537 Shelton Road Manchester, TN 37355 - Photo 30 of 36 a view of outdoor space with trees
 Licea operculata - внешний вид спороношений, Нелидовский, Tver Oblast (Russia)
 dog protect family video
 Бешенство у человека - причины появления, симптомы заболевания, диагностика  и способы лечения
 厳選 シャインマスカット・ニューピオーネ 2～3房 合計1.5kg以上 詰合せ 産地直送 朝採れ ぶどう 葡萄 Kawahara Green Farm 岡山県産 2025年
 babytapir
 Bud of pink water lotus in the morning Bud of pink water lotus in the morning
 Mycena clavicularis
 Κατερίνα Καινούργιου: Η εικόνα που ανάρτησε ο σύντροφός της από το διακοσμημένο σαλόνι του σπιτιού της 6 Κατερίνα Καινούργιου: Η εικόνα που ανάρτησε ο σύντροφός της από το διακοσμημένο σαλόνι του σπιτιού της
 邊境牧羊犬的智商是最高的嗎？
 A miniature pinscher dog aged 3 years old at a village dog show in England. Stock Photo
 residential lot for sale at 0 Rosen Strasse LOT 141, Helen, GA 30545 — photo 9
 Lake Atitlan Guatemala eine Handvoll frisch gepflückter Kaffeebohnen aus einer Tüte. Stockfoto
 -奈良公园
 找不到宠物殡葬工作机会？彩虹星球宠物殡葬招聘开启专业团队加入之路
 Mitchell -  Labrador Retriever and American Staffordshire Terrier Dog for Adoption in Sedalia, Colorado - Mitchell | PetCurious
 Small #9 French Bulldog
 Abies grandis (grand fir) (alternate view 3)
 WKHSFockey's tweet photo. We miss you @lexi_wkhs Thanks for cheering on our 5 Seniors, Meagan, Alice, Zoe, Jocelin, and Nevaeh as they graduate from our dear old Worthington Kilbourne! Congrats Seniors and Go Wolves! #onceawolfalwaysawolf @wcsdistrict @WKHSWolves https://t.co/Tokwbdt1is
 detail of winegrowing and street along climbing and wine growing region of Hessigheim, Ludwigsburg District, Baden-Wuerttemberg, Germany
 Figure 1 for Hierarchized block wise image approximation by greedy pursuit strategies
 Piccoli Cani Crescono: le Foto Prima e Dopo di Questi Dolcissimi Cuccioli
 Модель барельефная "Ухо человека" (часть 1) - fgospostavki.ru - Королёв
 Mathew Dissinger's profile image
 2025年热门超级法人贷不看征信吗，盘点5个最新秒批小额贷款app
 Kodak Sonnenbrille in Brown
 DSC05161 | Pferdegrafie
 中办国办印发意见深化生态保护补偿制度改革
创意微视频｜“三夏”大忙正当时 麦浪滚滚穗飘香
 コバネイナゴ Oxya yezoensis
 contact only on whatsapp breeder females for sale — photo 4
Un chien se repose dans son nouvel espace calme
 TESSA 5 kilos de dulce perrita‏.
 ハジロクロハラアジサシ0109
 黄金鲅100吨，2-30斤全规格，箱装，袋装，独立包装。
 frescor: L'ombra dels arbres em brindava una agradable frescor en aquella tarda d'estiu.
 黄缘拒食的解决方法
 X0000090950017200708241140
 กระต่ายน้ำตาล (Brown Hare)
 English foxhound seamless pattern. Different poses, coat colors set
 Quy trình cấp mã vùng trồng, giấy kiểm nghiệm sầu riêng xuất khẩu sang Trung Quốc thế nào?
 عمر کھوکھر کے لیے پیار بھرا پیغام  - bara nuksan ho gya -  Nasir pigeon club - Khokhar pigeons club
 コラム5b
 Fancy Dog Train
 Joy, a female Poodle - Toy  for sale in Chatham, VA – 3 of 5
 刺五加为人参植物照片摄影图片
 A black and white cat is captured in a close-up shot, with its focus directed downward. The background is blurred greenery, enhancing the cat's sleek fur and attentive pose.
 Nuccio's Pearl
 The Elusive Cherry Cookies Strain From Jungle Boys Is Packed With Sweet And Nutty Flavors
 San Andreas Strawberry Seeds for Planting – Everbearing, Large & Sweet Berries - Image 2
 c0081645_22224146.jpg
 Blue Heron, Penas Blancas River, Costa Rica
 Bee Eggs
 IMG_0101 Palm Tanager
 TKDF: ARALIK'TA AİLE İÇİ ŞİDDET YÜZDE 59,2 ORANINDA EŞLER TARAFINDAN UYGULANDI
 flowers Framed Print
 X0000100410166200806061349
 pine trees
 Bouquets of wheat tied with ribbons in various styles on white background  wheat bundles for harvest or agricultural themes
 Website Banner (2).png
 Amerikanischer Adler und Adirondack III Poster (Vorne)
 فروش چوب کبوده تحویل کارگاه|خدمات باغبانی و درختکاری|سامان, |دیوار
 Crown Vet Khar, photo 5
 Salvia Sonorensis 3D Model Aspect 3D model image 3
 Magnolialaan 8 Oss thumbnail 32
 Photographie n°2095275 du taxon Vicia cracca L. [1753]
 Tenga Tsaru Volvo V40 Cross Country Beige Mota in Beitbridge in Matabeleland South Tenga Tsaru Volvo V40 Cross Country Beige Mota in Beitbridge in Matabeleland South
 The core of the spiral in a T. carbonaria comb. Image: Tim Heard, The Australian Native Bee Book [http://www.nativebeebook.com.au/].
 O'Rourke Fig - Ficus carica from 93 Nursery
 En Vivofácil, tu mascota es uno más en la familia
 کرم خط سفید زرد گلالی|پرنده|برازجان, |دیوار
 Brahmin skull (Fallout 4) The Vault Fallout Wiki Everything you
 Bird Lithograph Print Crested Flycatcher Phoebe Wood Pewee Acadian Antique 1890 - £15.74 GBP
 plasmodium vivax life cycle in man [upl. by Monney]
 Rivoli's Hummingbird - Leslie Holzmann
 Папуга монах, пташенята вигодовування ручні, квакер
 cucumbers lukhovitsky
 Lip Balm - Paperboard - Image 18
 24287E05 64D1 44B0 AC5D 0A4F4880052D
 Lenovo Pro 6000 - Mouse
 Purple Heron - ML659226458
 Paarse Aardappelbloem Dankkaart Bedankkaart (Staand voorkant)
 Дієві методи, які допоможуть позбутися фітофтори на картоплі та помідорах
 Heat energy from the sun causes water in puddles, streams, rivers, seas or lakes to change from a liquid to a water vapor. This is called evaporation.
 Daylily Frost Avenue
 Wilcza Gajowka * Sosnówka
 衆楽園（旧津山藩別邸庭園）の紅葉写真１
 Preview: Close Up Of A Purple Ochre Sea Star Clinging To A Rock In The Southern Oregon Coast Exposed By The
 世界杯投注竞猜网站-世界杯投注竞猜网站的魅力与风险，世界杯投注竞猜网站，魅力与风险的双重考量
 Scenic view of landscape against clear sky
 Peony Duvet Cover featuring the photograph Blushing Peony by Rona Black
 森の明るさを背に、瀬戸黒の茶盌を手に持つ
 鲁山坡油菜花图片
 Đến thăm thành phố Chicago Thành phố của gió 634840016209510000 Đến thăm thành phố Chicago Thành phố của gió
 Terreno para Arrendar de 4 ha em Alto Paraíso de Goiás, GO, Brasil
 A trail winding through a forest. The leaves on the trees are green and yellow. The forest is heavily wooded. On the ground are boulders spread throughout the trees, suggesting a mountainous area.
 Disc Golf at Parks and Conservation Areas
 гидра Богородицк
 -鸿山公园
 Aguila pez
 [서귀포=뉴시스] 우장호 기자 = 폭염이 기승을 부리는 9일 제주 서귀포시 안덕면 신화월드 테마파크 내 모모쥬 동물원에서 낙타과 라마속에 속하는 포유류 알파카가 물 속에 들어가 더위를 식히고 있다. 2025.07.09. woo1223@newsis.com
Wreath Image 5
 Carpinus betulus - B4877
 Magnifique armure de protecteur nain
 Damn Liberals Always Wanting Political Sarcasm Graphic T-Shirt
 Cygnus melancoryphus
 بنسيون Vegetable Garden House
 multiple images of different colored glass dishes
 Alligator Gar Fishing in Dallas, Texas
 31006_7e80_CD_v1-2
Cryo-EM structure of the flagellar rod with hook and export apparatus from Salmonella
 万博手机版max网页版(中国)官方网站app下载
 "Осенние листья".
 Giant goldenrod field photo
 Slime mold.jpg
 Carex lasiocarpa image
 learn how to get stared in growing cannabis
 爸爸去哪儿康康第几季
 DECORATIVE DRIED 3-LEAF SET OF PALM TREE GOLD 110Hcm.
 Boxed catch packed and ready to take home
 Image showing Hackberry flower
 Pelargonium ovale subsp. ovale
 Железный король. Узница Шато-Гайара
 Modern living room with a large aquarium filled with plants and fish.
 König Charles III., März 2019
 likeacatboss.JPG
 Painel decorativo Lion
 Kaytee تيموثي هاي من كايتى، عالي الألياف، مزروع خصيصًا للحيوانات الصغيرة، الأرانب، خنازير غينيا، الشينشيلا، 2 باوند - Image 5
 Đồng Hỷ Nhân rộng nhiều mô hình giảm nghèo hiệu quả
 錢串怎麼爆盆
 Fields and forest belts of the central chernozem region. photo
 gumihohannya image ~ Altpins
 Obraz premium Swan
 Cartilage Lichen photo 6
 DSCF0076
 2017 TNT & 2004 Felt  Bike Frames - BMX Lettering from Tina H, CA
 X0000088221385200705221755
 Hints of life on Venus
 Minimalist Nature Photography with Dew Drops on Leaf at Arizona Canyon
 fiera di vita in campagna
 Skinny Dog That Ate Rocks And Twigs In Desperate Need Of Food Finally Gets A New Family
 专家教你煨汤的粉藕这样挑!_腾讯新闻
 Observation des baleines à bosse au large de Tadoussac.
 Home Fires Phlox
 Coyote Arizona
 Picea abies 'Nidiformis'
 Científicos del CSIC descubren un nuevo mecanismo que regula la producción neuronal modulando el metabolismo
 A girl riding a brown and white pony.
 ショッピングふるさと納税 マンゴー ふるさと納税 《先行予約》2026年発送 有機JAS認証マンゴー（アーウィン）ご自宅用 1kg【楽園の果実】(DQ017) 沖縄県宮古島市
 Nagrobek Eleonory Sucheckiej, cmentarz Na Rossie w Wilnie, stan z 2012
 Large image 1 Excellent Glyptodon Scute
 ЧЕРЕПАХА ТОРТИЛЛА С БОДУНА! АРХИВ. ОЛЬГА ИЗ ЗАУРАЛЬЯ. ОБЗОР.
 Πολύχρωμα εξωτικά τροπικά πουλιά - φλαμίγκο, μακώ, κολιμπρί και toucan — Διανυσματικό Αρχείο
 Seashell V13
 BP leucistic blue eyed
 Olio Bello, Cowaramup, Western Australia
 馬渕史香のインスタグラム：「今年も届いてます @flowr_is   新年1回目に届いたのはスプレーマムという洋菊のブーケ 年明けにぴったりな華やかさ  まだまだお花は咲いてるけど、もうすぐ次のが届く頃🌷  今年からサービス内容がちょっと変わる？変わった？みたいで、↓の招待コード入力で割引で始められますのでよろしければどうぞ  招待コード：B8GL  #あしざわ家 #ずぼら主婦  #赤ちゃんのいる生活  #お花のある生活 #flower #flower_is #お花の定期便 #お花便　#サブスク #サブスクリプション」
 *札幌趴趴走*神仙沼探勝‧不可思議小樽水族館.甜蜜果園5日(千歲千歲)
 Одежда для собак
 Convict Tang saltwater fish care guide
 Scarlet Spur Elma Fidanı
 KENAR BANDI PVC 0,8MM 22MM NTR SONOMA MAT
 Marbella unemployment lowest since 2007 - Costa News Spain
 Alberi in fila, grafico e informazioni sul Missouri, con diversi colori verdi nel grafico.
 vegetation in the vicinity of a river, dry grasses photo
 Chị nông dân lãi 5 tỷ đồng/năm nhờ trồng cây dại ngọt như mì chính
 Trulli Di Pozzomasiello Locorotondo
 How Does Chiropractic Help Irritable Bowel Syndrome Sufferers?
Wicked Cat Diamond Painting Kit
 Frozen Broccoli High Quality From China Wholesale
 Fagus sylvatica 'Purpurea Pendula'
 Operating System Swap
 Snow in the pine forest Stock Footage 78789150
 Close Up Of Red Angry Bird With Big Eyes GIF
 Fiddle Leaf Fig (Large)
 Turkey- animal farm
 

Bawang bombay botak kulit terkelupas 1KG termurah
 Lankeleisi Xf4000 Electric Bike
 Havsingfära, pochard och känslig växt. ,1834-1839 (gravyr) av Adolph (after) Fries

════

### The task
From the material above, set down exactly the lines between the line holding "Piccoli Cani Crescono: le" and the line holding "contact only on", inclusive. Include nothing else.

### Answer section
 Piccoli Cani Crescono: le Foto Prima e Dopo di Questi Dolcissimi Cuccioli
 Модель барельефная "Ухо человека" (часть 1) - fgospostavki.ru - Королёв
 Mathew Dissinger's profile image
 2025年热门超级法人贷不看征信吗，盘点5个最新秒批小额贷款app
 Kodak Sonnenbrille in Brown
 DSC05161 | Pferdegrafie
 中办国办印发意见深化生态保护补偿制度改革
创意微视频｜“三夏”大忙正当时 麦浪滚滚穗飘香
 コバネイナゴ Oxya yezoensis
 contact only on whatsapp breeder females for sale — photo 4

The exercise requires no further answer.